Advisors' Opinion:- [By Jake L'Ecuyer]
XPO Logistics (NYSE: XPO) shot up 7.06 percent to $30.01 after the company announced its plans to acquire Pacer International (NASDAQ: PACR) in a deal valued at $335 million.
- [By Vera Yuan]
Pacer International, Inc. (PACR) was acquired by XPO Logistics, Inc. which remains in our portfolio. We eliminated our position in specialty pharmaceutical company Actavis PLC (ACT) as the price to intrinsic value relationship narrowed. We originally received shares when Actavis bought portfolio holding Warner Chilcott. We eliminated our position in convenience store distributor Core- Mark Holding Co., Inc.( CORE) as the stock rose almost 40% over the last year and reached our estimate of intrinsic value.
Hot Managed Healthcare Companies To Invest In 2014: Aussie/New Zealand (AR)
Antero Resources Corporation operates as an oil and natural gas exploration and production company. The company focuses on the acquisition, development, and production of unconventional oil and liquids-rich natural gas properties primarily in West Virginia, Ohio, and Pennsylvania. It was formerly known as Antero Resources Appalachian Corporation and changed its name to Antero Resources Corporation in June 2013. The company was founded in 2002 and is based in Denver, Colorado with district offices in Mount Clare, West Virginia; and Marietta, Ohio.
Advisors' Opinion:- [By Robert Rapier]
Normally, we wouldn’t be updating so soon buy recommendations made within the last month or so.
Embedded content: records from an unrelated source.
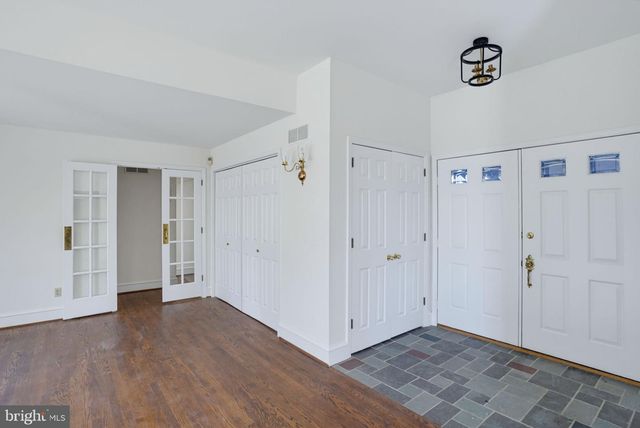 9 MCCORMICK DR, Hockessin, DE 19707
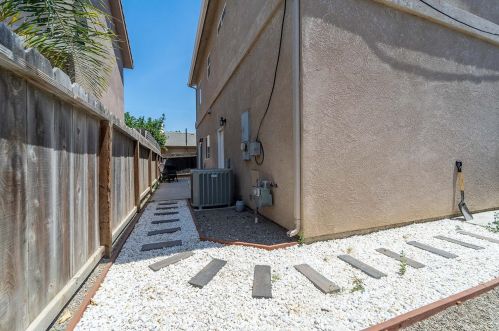 1061 Vermont Ave, Turlock CA  95380-5341 exterior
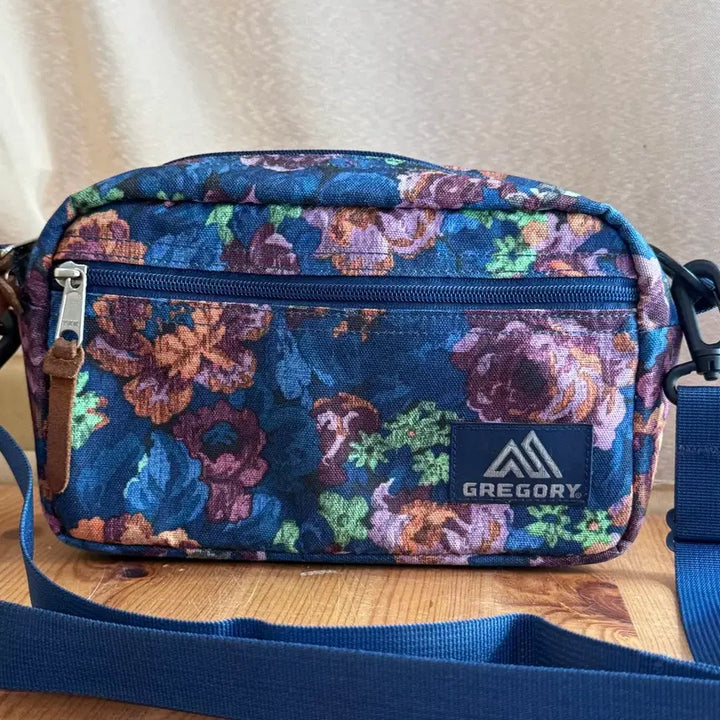 [BUNJANG] Gregory Floral Pattern Crossbody Bag / 그레고리 여성 꽃무늬 플라워 크로스백 가방
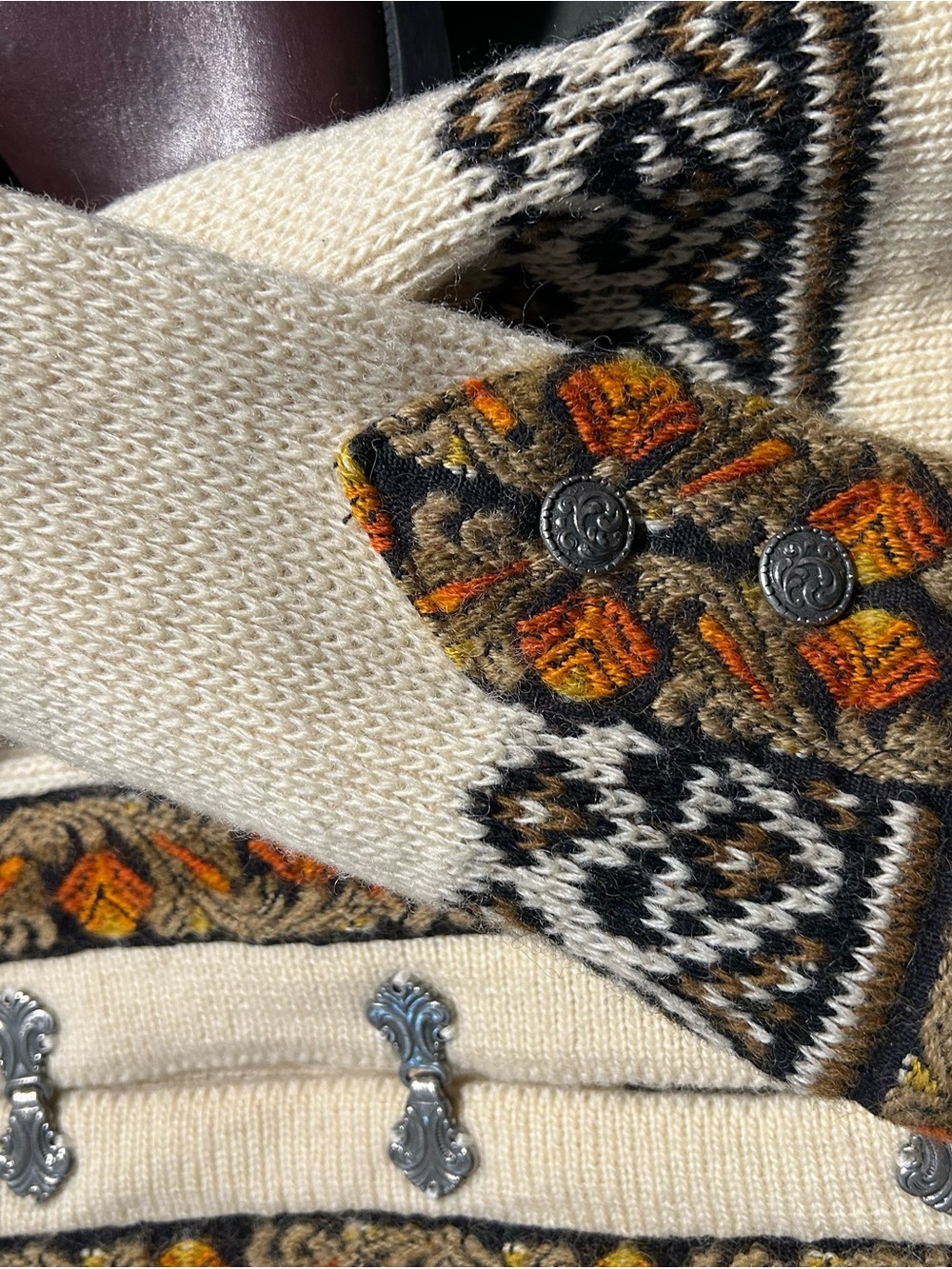 Norwegian Cream Fair Isle Knit Cardigan with Black and Orange Trim - Vintage - Picture 7 of 7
Then again, we normally wouldn’t expect a decent year’s worth of gains in a month, so a look-around definitely seems in order.
Marcellus and Utica driller Antero Resources (NYSE: AR) is up 13 percent (as of Dec. 27) since we added it to The Energy Strategist’s Growth Portfolio on Nov. 26, extending a rally that has made it one of the year’s most successful initial public offerings.
There have been no company-specific news in the last months, but the prices of natural gas and, crucially, the natural gas liquids that will account for the bulk of Antero’s future profits, have moved significantly higher.
- [By Jake L'Ecuyer]
Equities Trading DOWN
Shares of Antero Resources (NYSE: AR) were down 3.64 percent to $60.92 after the company announced a 105% y/y gain in its Q1 preliminary gas production. - [By Jake L'Ecuyer]
Equities Trading DOWN
Shares of Antero Resources (NYSE: AR) were down 5.41 percent to $59.74 after the company announced a 105% y/y gain in its Q1 preliminary gas production.